Our finding that the CUL4–DDB1MSI1 E3 ligase is required in the maintenance of FIS–PRC2‐dependent parental imprinting in Arabidopsis raises the question which substrate(s) are targeted for ubiquitylation in this process. One possibility is that CUL4–DDB1MSI1 ubiquitylates directly one of the FIS–PRC2 subunits.
We initially speculated that MSI1 could be either a substrate or a substrate receptor of this E3 ligase, or even both. Thus, we introgressed the
pMSI::MSI1–RFP reporter gene (
Chen et al, 2008) into the
cul4‐1 mutant background and checked for MSI1 protein accumulation. However, when
cul4‐1 pMSI::MSI1–RFP plants were self‐pollinated, the MSI1–RFP protein level was only slightly higher than in a wild‐type background (
Supplementary Figure S8), suggesting that MSI1 protein turnover is not controlled by CUL4.
In contrast, we noticed that MEA protein does not decay after pollination in cul4 mutants. Thus, it is possible that ubiquitylation controls its stability, although we cannot exclude that this accumulation mainly results from the persistence of the MEA transcript. Nevertheless, unscheduled MEA protein accumulation may alter FIS–PRC2 activity by, for example, titering some of its components or associated proteins. This may also explain the paradox why in the presence of more MEA protein, repression of the paternal MEA allele is lost.

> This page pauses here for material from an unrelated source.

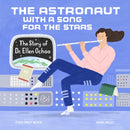 The Astronaut With a Song for the Stars : The Story of Dr. Ellen Ochoa-9781943147632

Finally, it is also possible that CUL4–DDB1
MSI1 acts at the FIS–PRC2 level by a mechanism that does not imply protein degradation. In this respect, it is well established that CRL4 E3 ligases trigger different kinds of non‐proteolytic ubiquitylation reactions, including the assembly of K63‐linked polyubiquitin chains and monoubiquitylation. Thus, in the process of nucleotide excision repair after UV damage, a CUL4–DDB1
DDB2 E3 ligase (DDB2 being a WD40 substrate receptor) triggers non‐proteolytic ubiquitylation of XPC (xeroderma pigmentosum complementation group C) to permit its binding to damaged DNA (
Sugasawa et al, 2005) where it induces histone ubiquitylation, presumably to modify the chromatin structure at the sites of DNA lesions (
Kapetanaki et al, 2006;
Wang et al, 2006b). Interestingly, the fission yeast Cul4 associates with Clr4 histone methyltransferase and is required for RNAi‐mediated heterochromatin formation (
Hong et al, 2005;
Jia et al, 2005), although the CUL4‐mediated modifications, which are involved in this process, remain unknown. Future investigations will identify CUL4–DDB1
MSI1 E3 substrates and clarify its function(s) in PRC2‐dependent epigenetic regulation.